Exactly the lines from the line that has "Letto o letti" through the final line below are to be retyped, and the pictures are not.

- - - - - - -

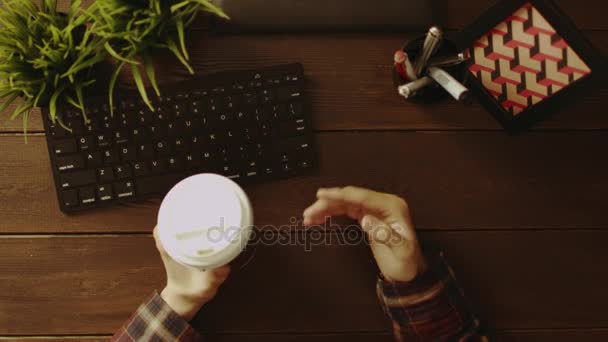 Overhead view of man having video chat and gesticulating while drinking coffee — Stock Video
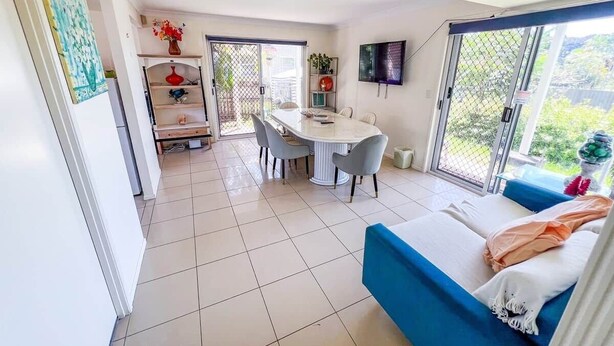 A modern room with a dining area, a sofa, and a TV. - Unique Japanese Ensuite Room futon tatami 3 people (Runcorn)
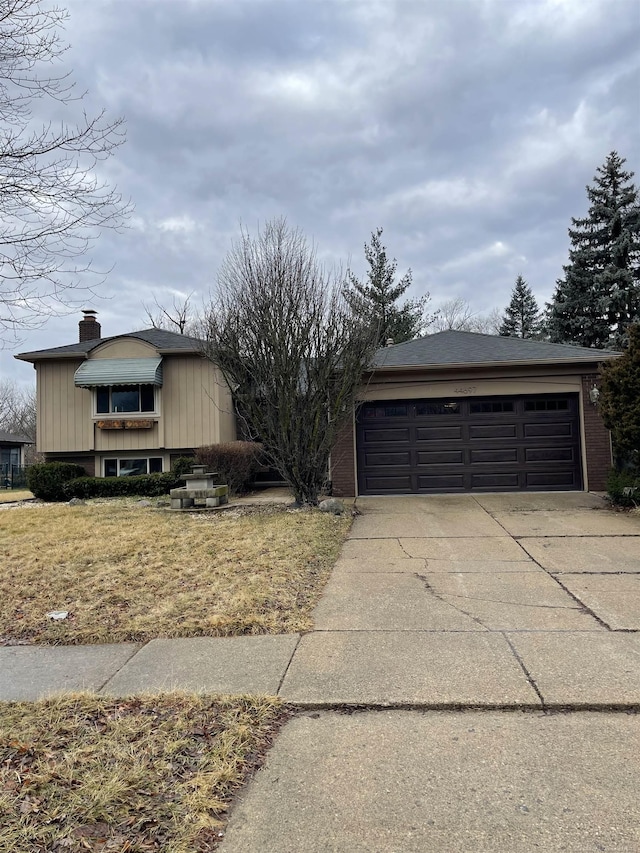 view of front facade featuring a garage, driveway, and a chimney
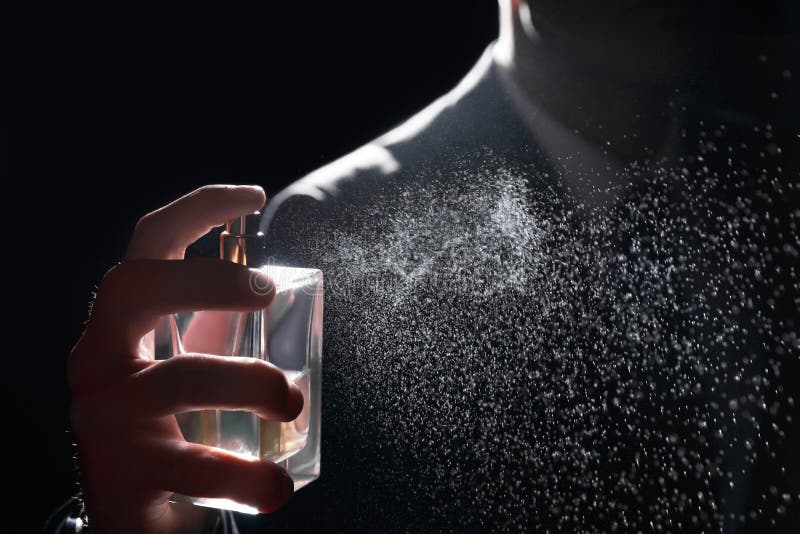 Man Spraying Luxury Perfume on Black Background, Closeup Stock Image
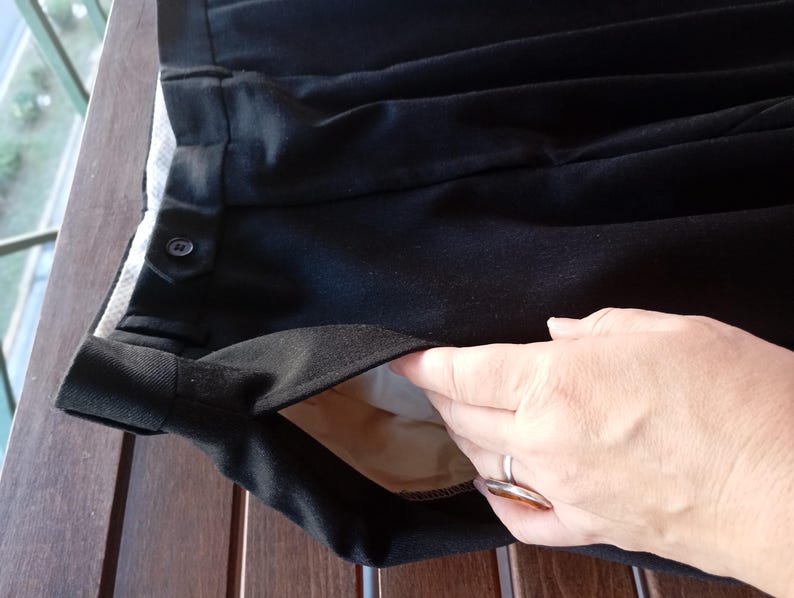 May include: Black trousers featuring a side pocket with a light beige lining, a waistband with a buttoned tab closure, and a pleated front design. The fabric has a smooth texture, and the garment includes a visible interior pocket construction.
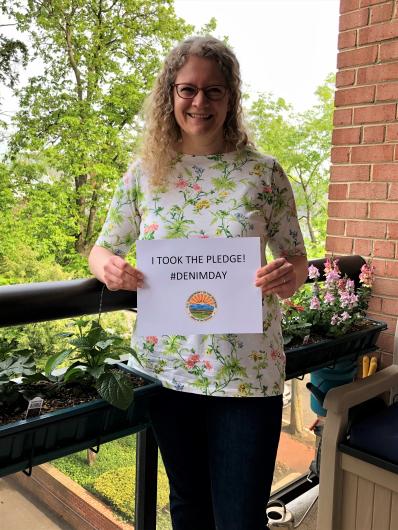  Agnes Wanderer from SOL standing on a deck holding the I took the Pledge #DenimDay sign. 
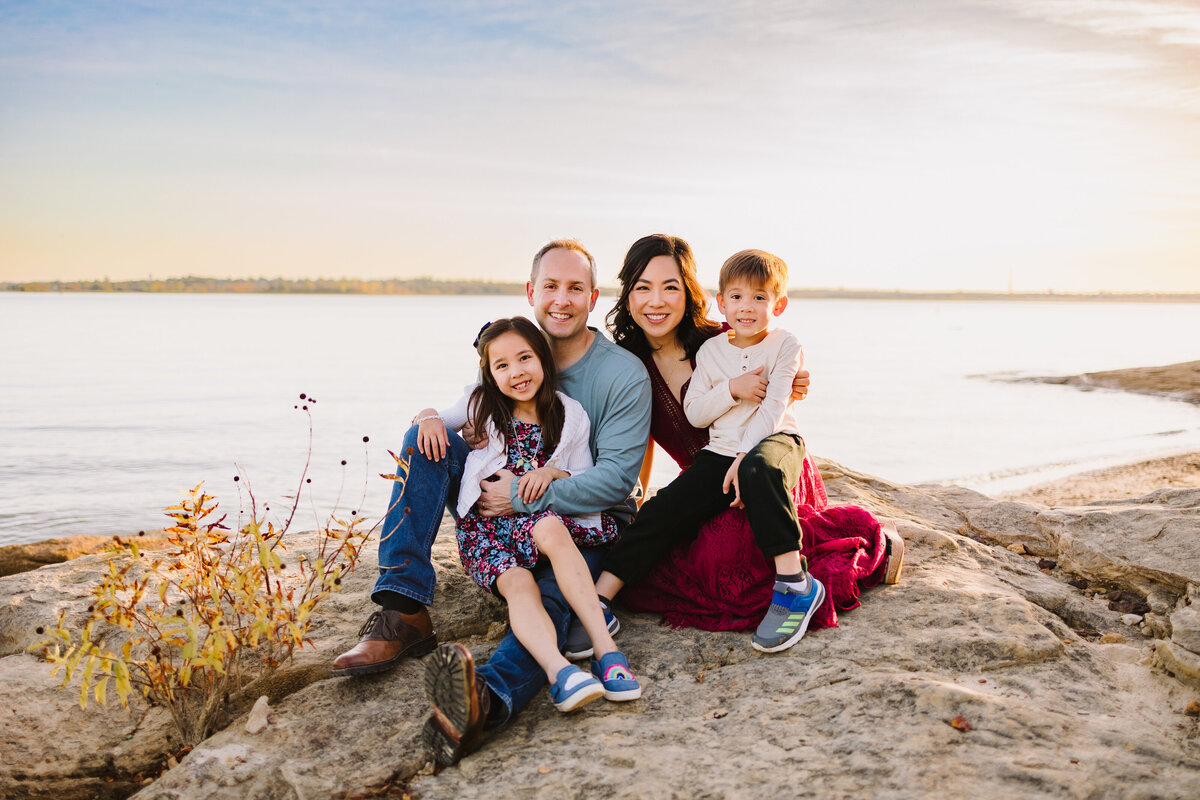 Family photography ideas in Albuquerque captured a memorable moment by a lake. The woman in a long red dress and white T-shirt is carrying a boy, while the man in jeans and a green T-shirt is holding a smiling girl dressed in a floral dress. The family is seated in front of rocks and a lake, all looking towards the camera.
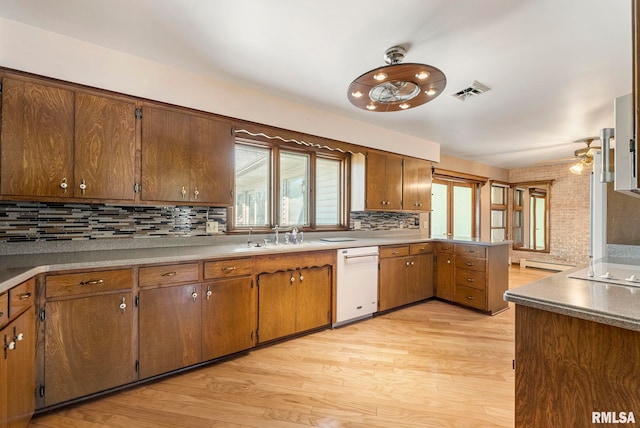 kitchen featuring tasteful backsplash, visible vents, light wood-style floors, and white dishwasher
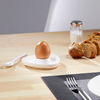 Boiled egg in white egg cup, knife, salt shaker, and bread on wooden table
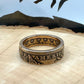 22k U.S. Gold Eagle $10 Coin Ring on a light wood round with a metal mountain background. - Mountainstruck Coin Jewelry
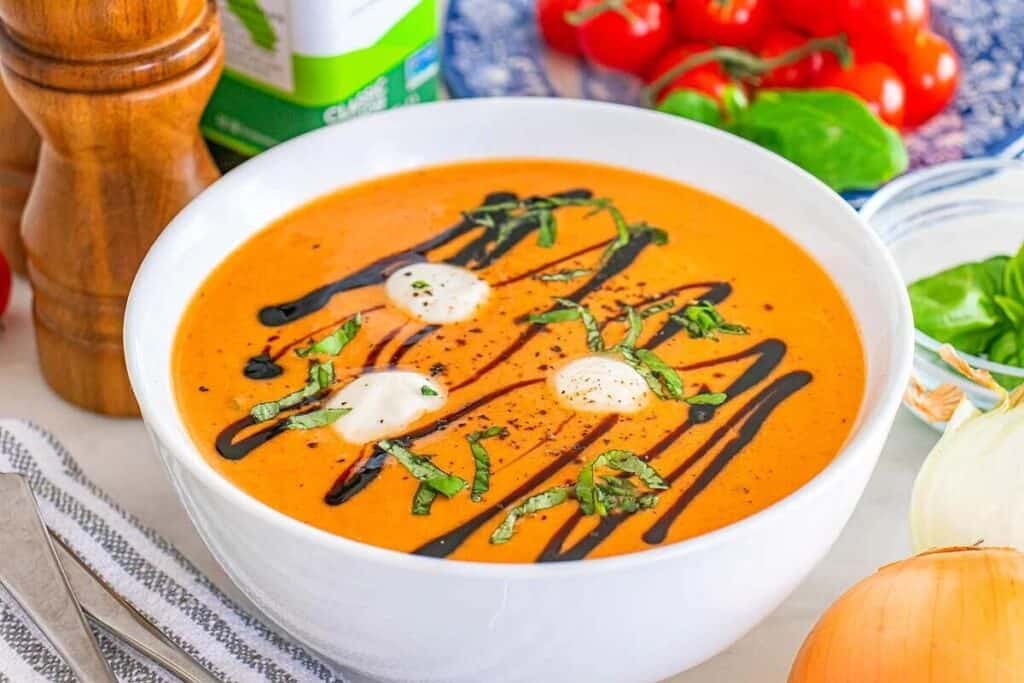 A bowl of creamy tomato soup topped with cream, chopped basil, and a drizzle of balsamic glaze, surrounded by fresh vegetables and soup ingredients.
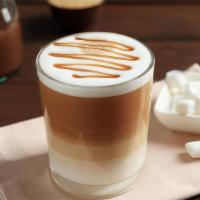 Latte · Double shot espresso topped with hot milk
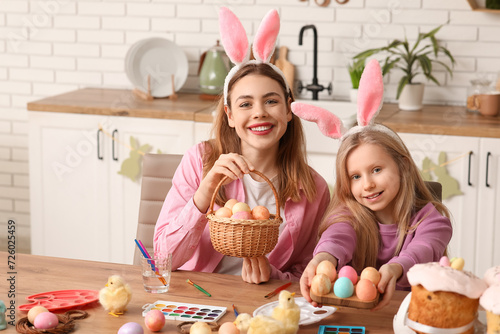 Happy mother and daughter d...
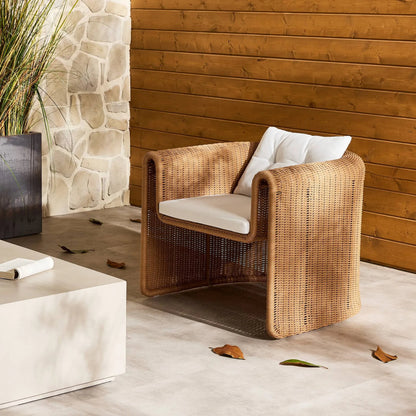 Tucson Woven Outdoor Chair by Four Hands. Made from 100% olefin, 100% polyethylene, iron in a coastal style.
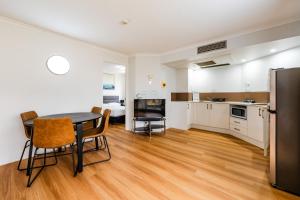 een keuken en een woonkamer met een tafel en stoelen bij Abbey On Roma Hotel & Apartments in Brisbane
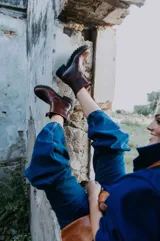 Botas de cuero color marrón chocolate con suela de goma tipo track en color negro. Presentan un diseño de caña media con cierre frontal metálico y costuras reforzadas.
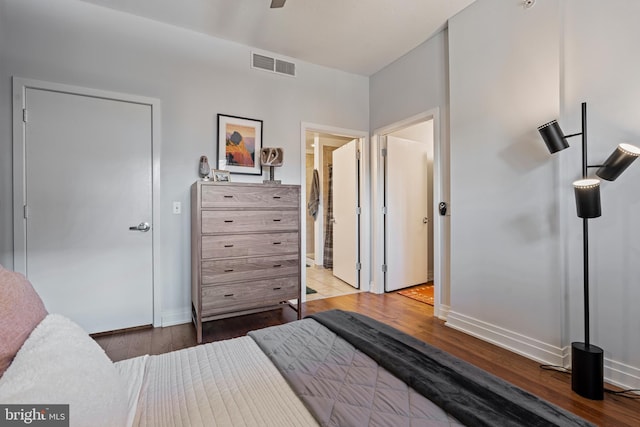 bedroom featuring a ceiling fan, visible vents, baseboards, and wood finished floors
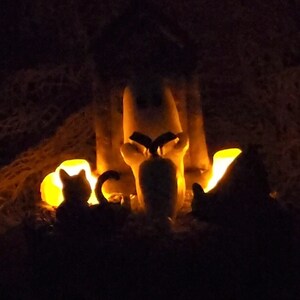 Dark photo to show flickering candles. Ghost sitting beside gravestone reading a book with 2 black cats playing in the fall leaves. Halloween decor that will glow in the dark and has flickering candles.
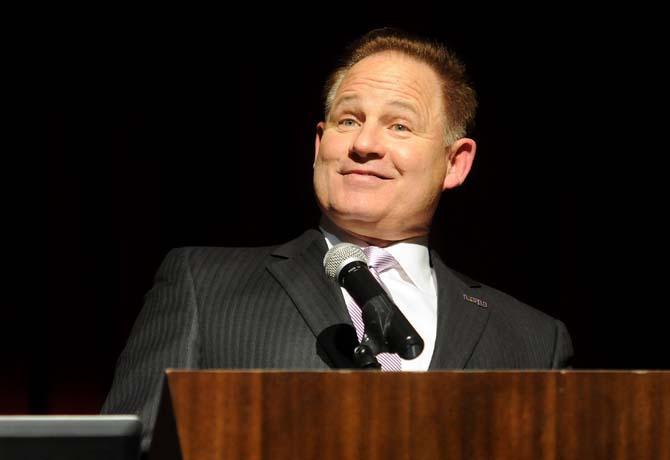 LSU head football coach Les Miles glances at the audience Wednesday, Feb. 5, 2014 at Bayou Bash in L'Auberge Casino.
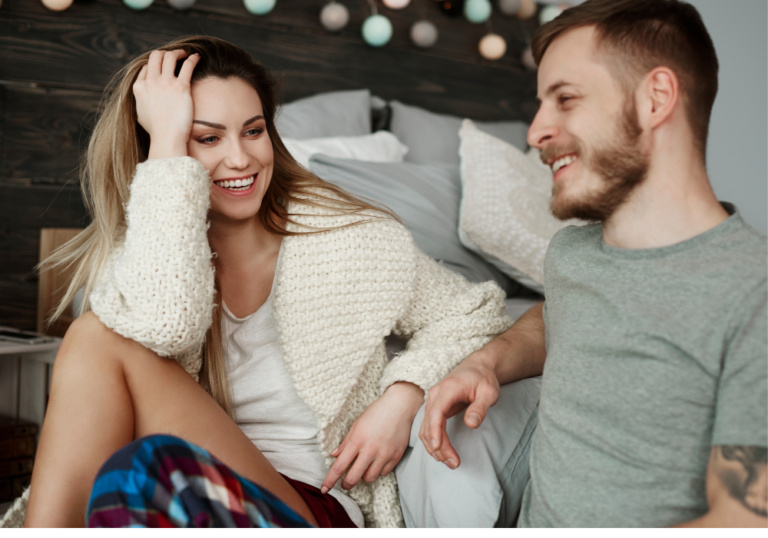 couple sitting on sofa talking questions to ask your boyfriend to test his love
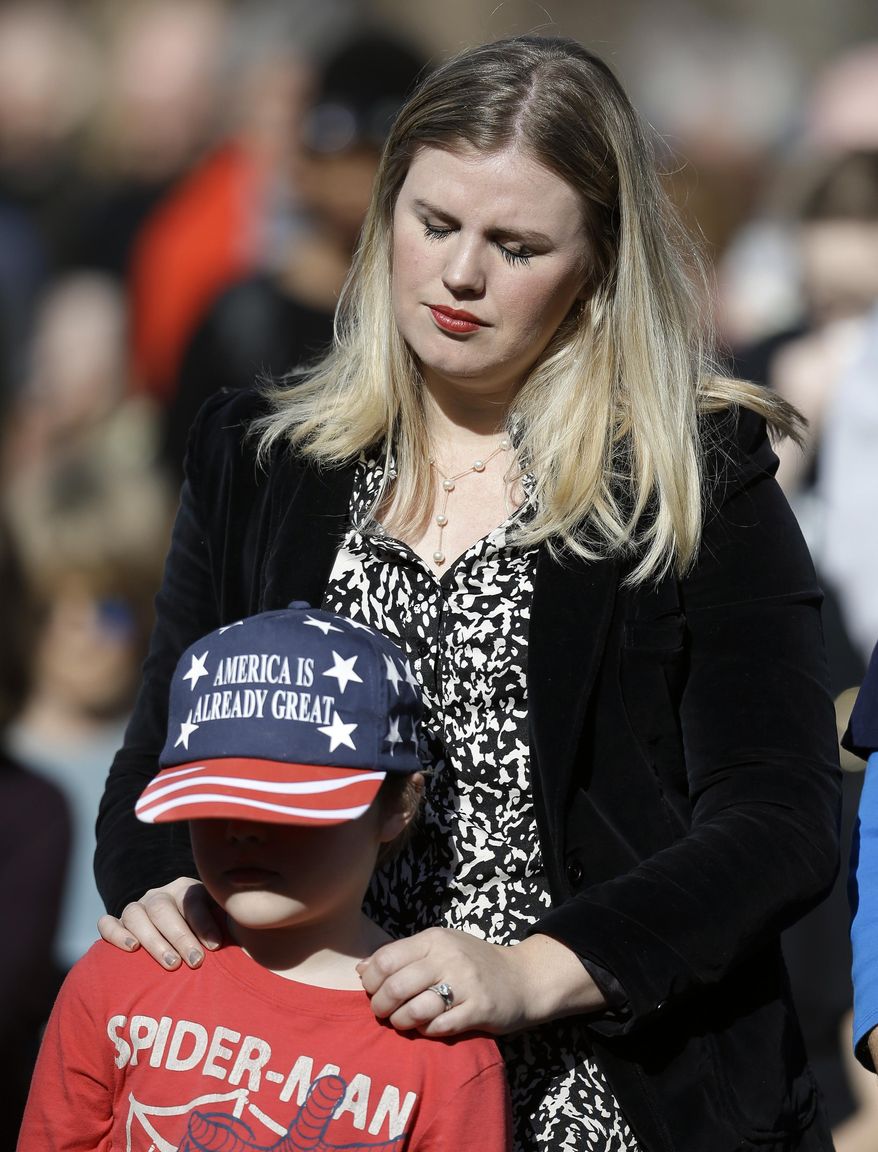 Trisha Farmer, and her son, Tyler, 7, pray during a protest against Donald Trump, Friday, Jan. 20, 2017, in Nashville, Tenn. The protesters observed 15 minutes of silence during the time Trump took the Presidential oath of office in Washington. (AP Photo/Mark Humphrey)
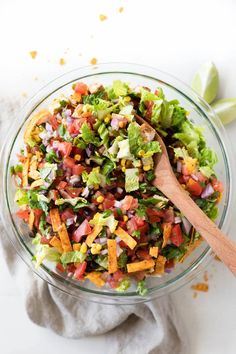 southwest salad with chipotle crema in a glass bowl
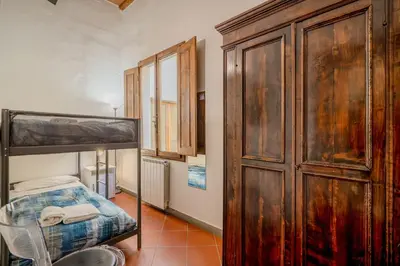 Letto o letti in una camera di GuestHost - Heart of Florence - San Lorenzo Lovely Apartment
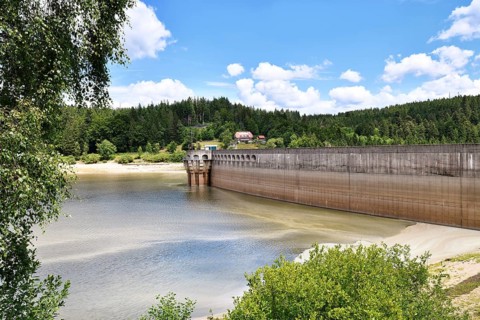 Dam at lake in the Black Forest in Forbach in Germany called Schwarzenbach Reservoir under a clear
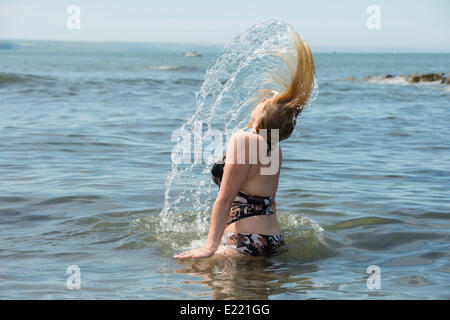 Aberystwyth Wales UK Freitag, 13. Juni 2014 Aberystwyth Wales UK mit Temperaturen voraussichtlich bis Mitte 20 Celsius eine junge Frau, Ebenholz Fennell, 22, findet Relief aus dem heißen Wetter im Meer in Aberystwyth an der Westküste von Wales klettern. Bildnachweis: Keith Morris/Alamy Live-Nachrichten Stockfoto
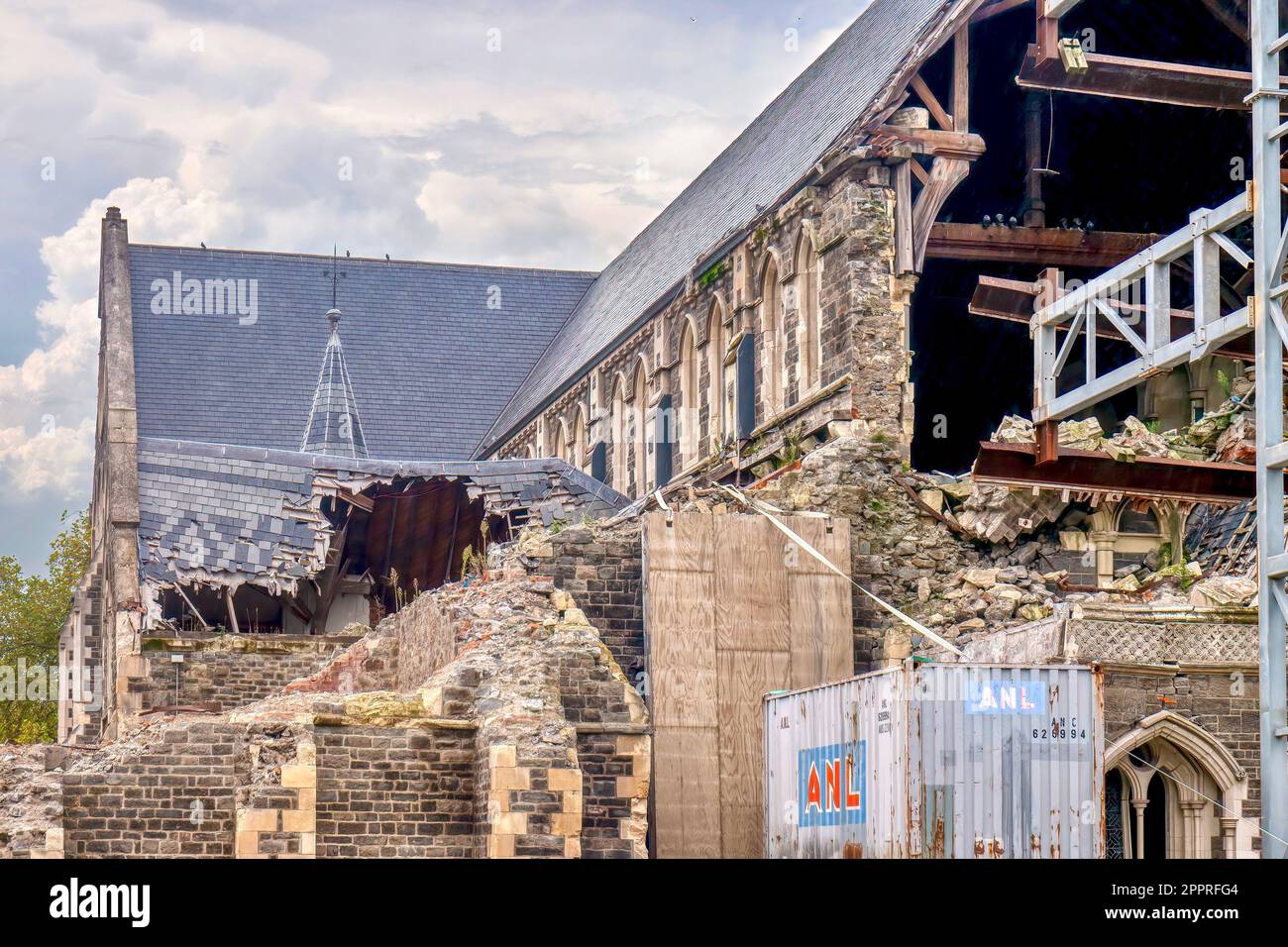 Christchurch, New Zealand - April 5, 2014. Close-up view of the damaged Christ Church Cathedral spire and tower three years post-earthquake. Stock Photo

- - - - - - -

● Final answer:
 Letto o letti in una camera di GuestHost - Heart of Florence - San Lorenzo Lovely Apartment
 Dam at lake in the Black Forest in Forbach in Germany called Schwarzenbach Reservoir under a clear
 Aberystwyth Wales UK Freitag, 13. Juni 2014 Aberystwyth Wales UK mit Temperaturen voraussichtlich bis Mitte 20 Celsius eine junge Frau, Ebenholz Fennell, 22, findet Relief aus dem heißen Wetter im Meer in Aberystwyth an der Westküste von Wales klettern. Bildnachweis: Keith Morris/Alamy Live-Nachrichten Stockfoto
 Christchurch, New Zealand - April 5, 2014. Close-up view of the damaged Christ Church Cathedral spire and tower three years post-earthquake. Stock Photo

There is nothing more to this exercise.